Comédien, metteur en scène ou technicien, nous avons des objectifs personnels en tête. Certains sont parfois très bons, mais d’autres s’écartent de l’objectif principal.

♦  «On a déniché un méga système d’éclairage pour 100 $. On se demandait quoi faire avec. Pourquoi ne pas monter une pièce de théâtre? »

♦  « On a une excellente chorale et plusieurs chants sont déjà prêts. On pourrait peut-être les inclure dans votre spectacle?»

♦  « Le théâtre, j’ai ça dans le sang! Partout où je passe, les gens se tordent de rire. Je suis sûr qu’une bonne blague bien placée, ça va réveiller votre monde. »

♦  « Ben, c’est que mon meilleur ami est dans votre groupe. J’ai décidé d’embarquer moi aussi. »

Piste de solution. Usez de discernement lorsque des personnes enthousiastes, créatives et bien intentionnées font des propositions pour concocter un spectacle ou « rehausser » une pièce.
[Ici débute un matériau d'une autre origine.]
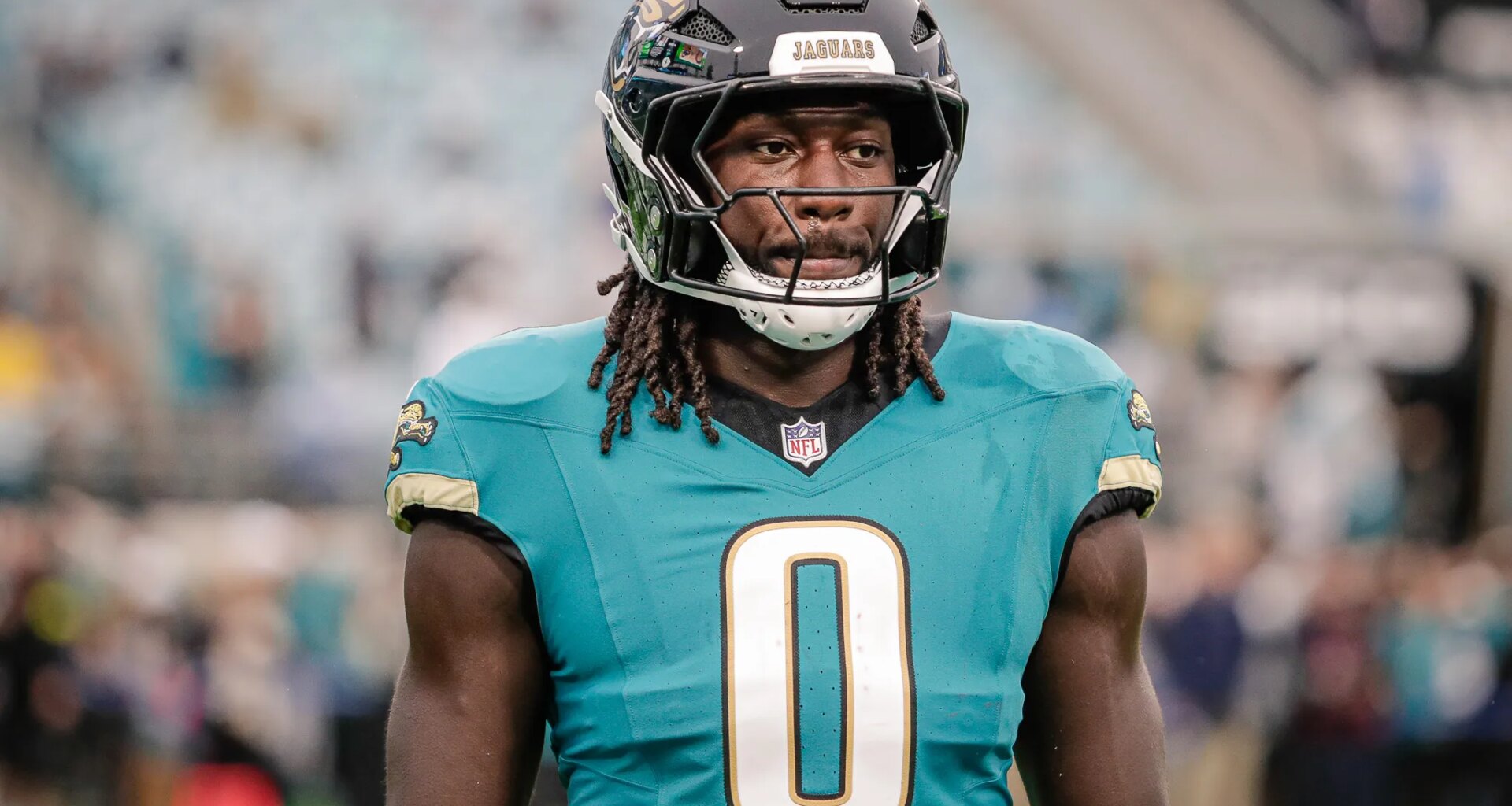 3 observations from Panthers signing Devin Lloyd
Curieusement, ce sont souvent les idées les plus attrayantes qui nous font dévier! N’acceptez pas d’emblée tout ce que l’on vous suggère. Prenez le temps d’y réfléchir et de bien le considérer. Dire non avec tact et douceur, en expliquant clairement les motifs de ce « non », est un art qui s’apprend. Certes, vous risquez de décevoir des gens, mais vous devez vous rappeler dans quel but et pour qui vous faites du théâtre.

Et si le message passait?

Tous les choix du metteur en scène doivent être justifiés. Pour être en mesure de passer un bon message par le théâtre, il doit comprendre ce qui appuie le message et ce qui l’en détourne. Laissons le spectateur partir avec une seule idée en tête, celle du message qui vient de traverser son cœur.

Bien entendu, tous les projets de théâtre ne seront pas parfaits, il y aura des erreurs de parcours. Reconnaître les forces déviatrices ne s’apprend pas du jour au lendemain! Mais il faut aller de progrès en progrès à cet égard, sans se décourager, en comptant sur le grand Metteur en scène pour nous guider dans notre travail!